Description of the task = Using the listing below, set down exactly the lines from the one that contains "On Top of the" through the one that contains "𝐶𝑎𝑠𝑡 𝑀𝑜𝑙𝑎𝑟 𝑇𝑟𝑖𝑝𝑙𝑒𝑡 𝑁𝑒𝑐𝑘𝑙𝑎𝑐𝑒", with no pictures.

Exercise data =
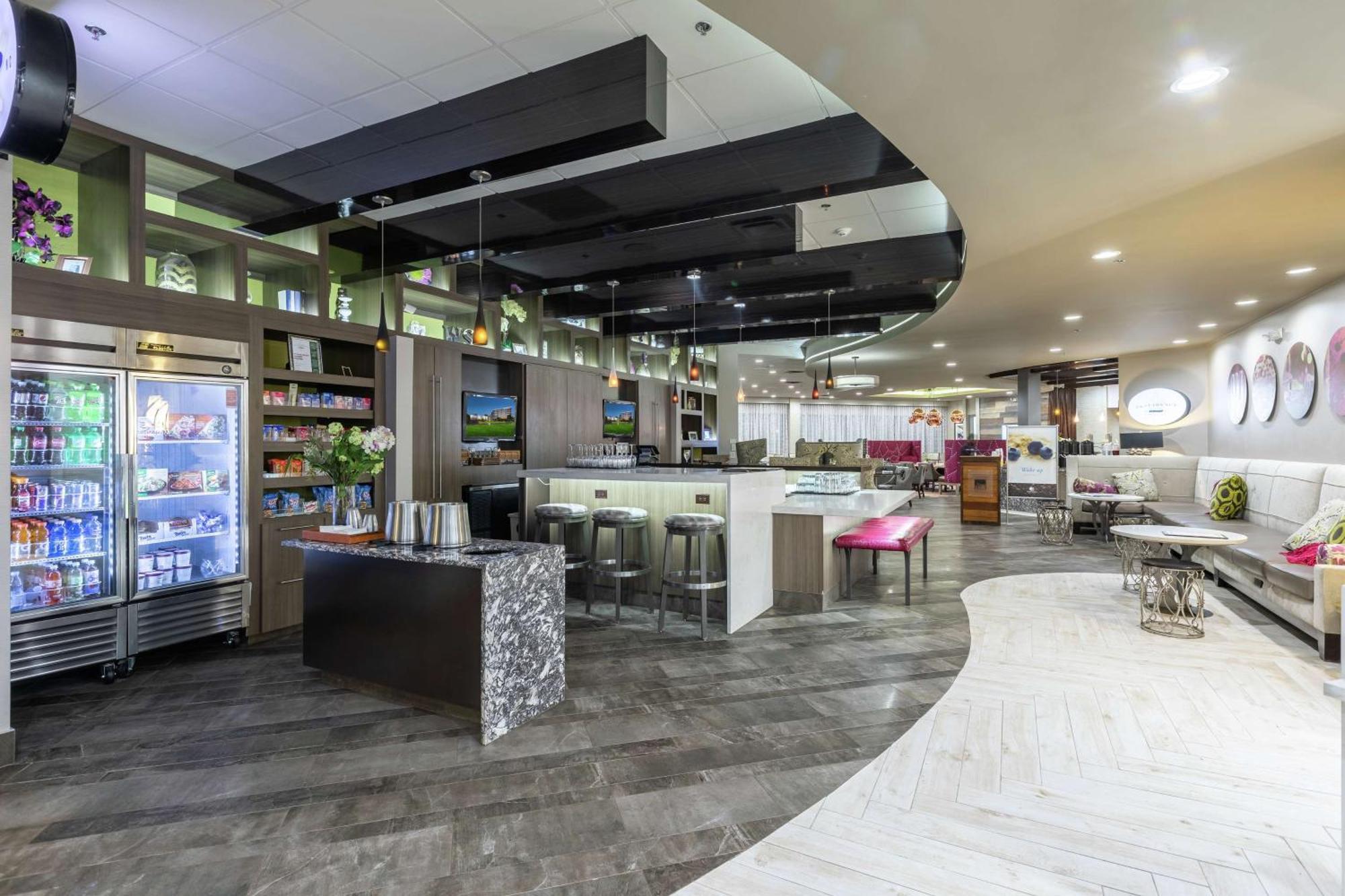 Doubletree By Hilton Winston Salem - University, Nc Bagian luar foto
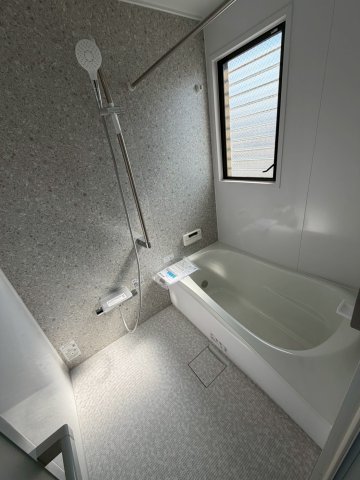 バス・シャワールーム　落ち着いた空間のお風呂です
---
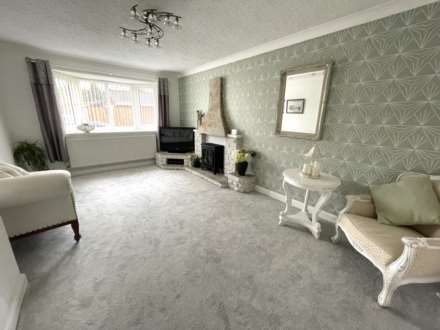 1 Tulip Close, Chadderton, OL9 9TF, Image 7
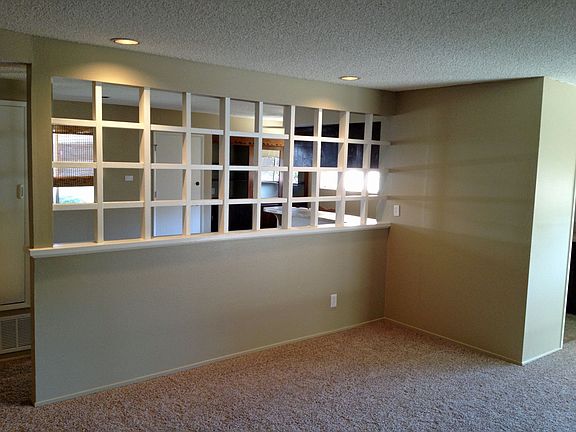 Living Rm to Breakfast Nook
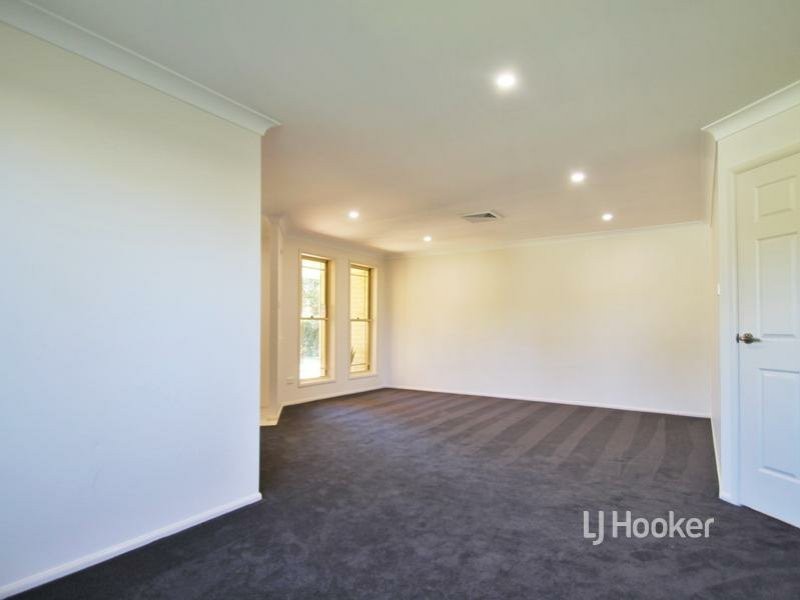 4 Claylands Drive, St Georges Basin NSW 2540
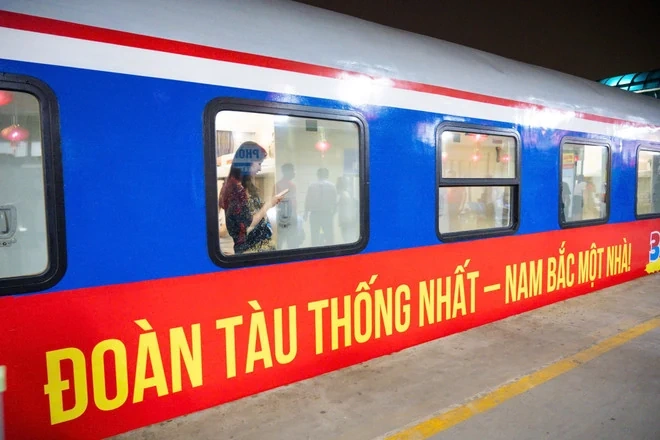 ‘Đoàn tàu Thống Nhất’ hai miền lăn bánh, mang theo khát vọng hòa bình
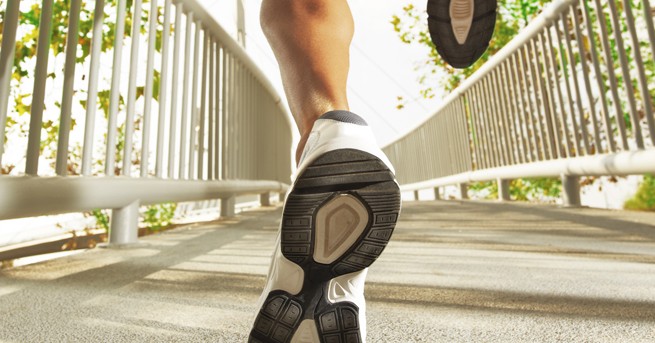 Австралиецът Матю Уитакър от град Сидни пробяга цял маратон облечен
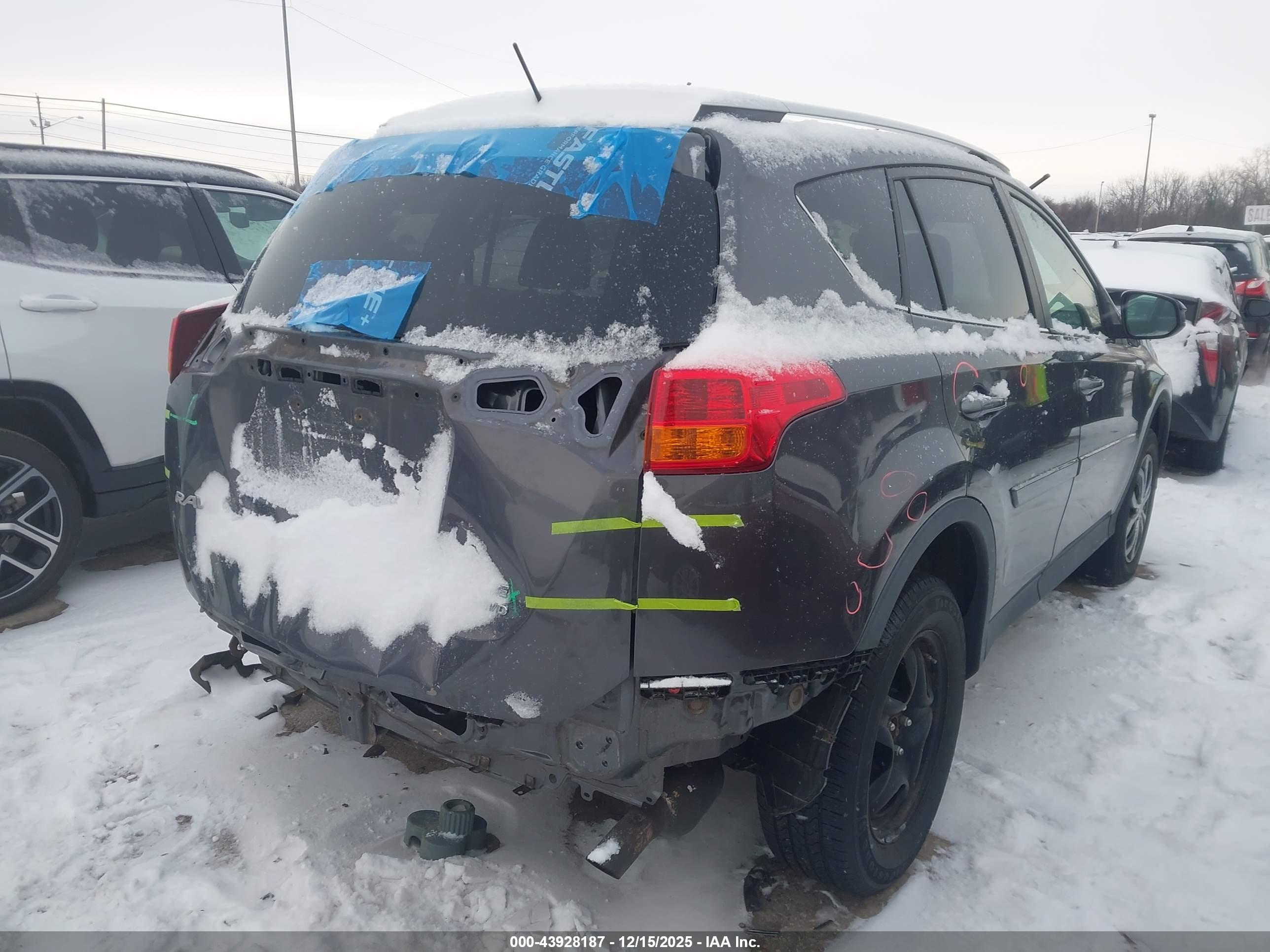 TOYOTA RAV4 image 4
...
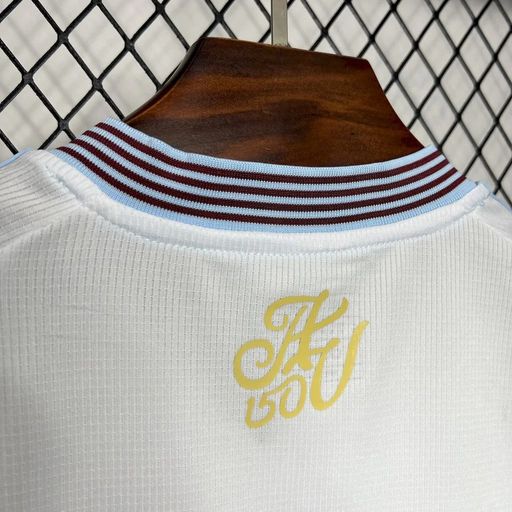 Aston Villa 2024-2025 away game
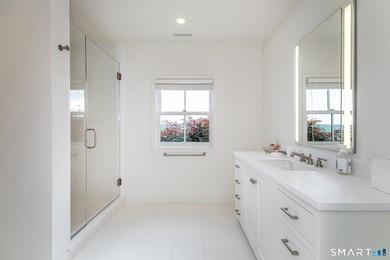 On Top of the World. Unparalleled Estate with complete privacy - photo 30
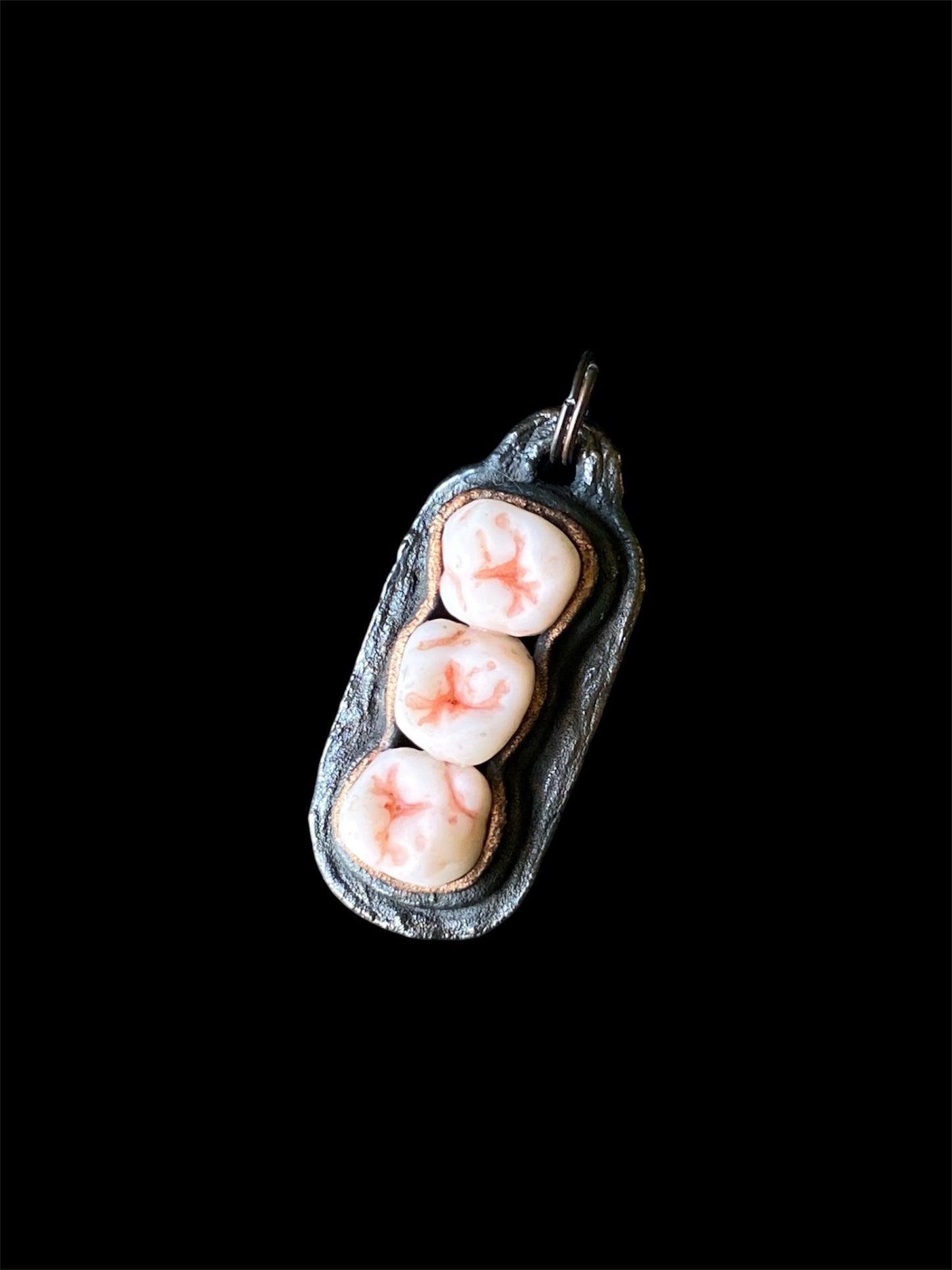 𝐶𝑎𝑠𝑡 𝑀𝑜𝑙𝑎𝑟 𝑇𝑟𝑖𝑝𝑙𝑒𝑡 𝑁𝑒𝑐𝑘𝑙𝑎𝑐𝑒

Answer area =
 On Top of the World. Unparalleled Estate with complete privacy - photo 30
 𝐶𝑎𝑠𝑡 𝑀𝑜𝑙𝑎𝑟 𝑇𝑟𝑖𝑝𝑙𝑒𝑡 𝑁𝑒𝑐𝑘𝑙𝑎𝑐𝑒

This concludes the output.